## Assignment
Using the data below, output a verbatim copy of the lines between the one holding "Imagem 4: Terreno Boa Vista 1.200M" and the one holding "Olives Estate Apartments", inclusive, without any pictures.

## Source information
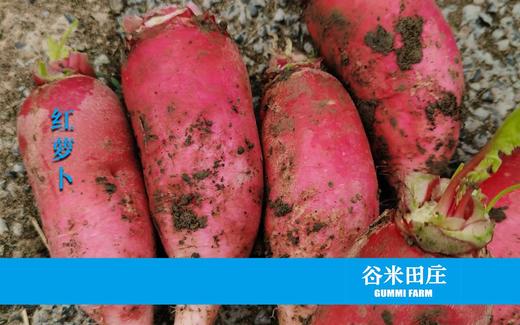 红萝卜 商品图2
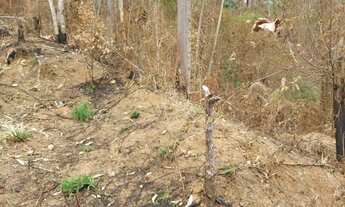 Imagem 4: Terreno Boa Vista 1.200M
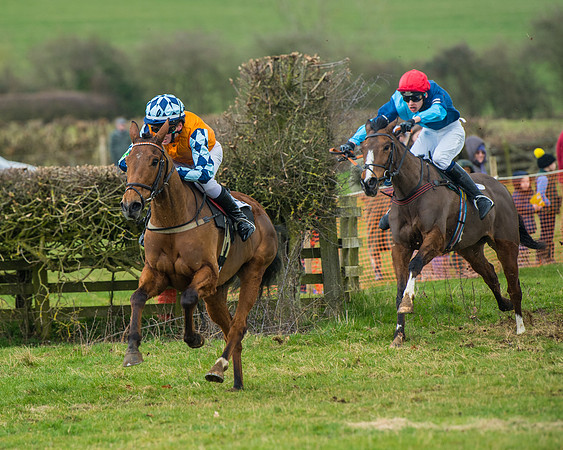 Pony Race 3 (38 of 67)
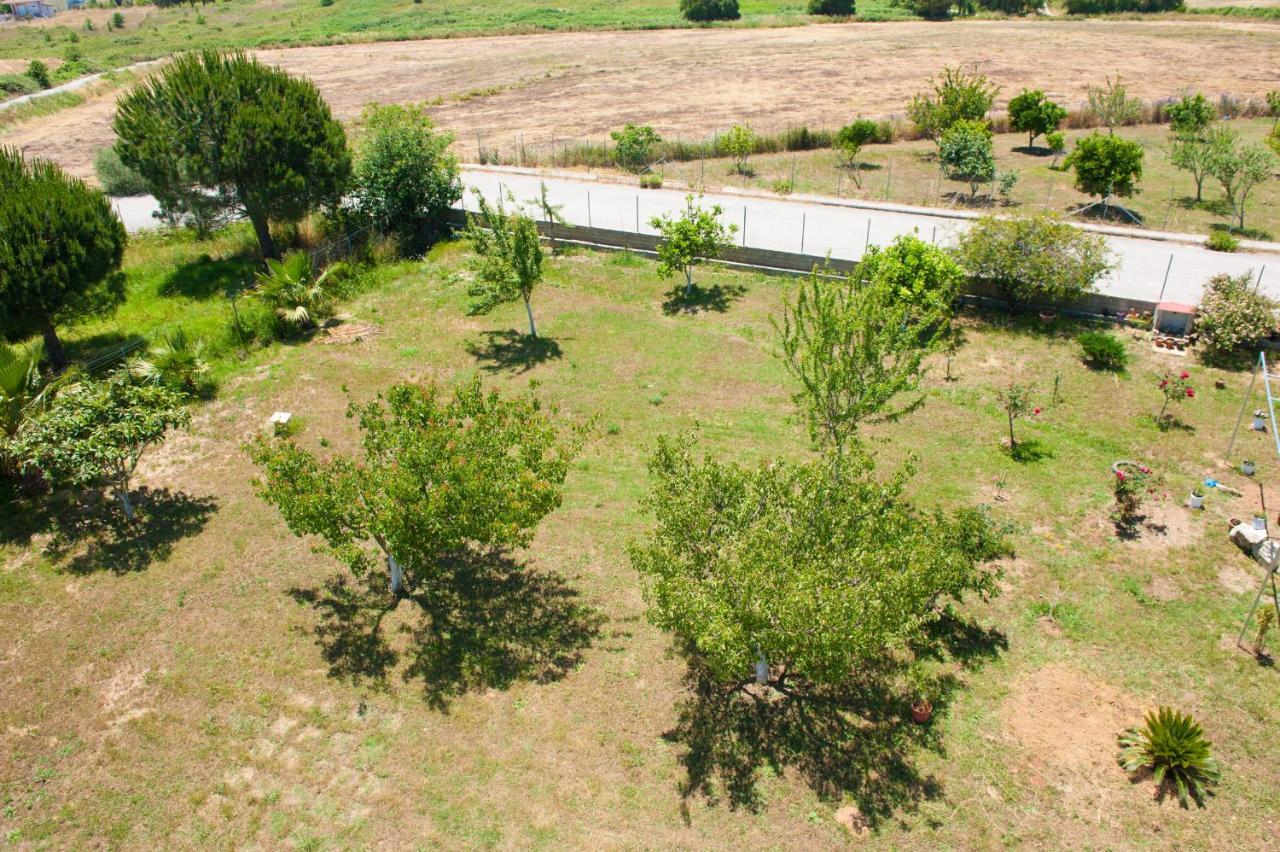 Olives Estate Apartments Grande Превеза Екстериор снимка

...

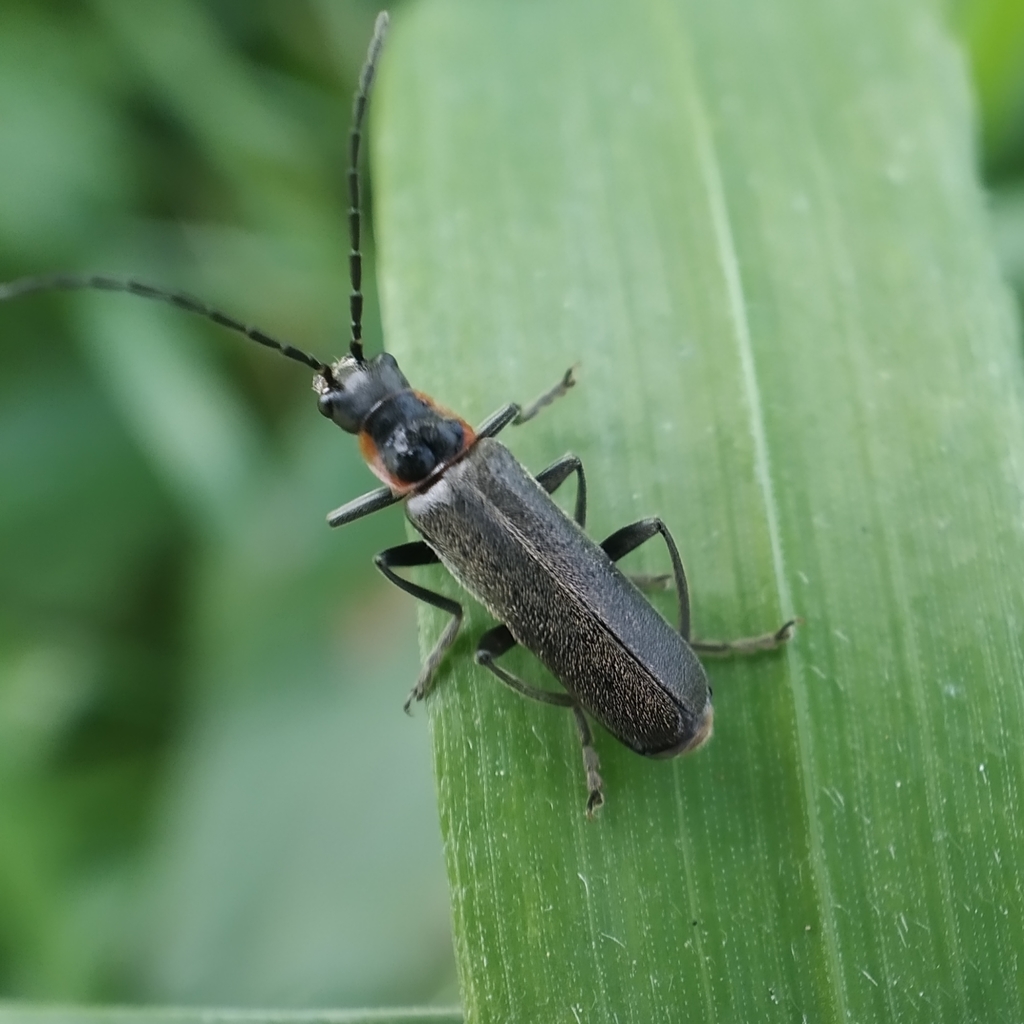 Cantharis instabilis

## Answer box
 Imagem 4: Terreno Boa Vista 1.200M
 Pony Race 3 (38 of 67)
 Olives Estate Apartments Grande Превеза Екстериор снимка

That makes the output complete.